Mississippi school choice looks murky
(AP) — It’s unclear whether Mississippi lawmakers will seek to expand charter schools or public subsidies for private schools in the current legislative session, even as proponents held a rally Tuesday to press for action.
House Speaker Philip Gunn and Lt. Gov. Tate Reeves, both Republicans, spoke at the event, where hundreds of students and parents gathered outside the Capitol. Reeves clearly called for more money for an existing program that pays private school tuition for students with special education needs.
“Let the Legislature find the money this year, so kids can go to the best school for them,” Reeves told the rally.
Gunn said he’d consider more funding when lawmakers write budgets later in the session.
“We’ll just have to see what the dollars are,” Gunn told reporters after the event.

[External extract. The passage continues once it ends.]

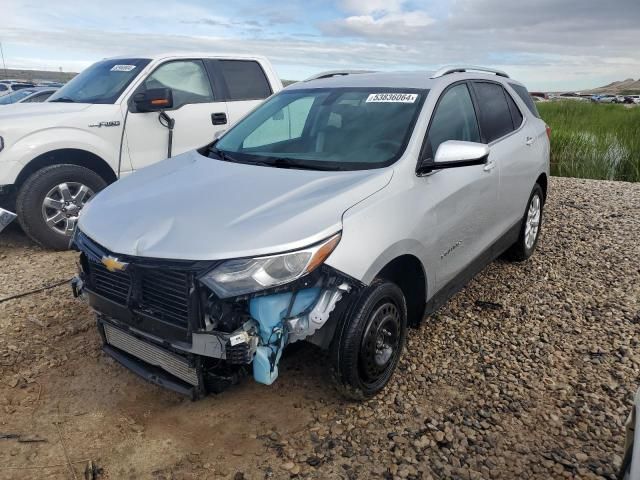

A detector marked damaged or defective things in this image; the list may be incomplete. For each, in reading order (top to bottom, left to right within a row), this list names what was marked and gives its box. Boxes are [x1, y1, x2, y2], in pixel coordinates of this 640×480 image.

Empower Mississippi and other politically conservative groups that are seeking expansions to Mississippi’s options have been highlighting parents and students who have applied for what are called Education Scholarship Accounts but have been waitlisted for lack of money.
Right now, the program gets $3 million a year. Empower Mississippi President Grant Callen said he wants to see all students who qualify get funded. There are no maximum limits on students who get scholarships based on speech-language disabilities or dyslexia to attend a few special schools.
“This was not intended to be a separate line item appropriation that’s a fight every year,” Callen said.
A plan that would have allowed broader use of public money to pay private school tuition for any students died last year in the Senate. Gunn said he would look for Senate action before the House considers a measure.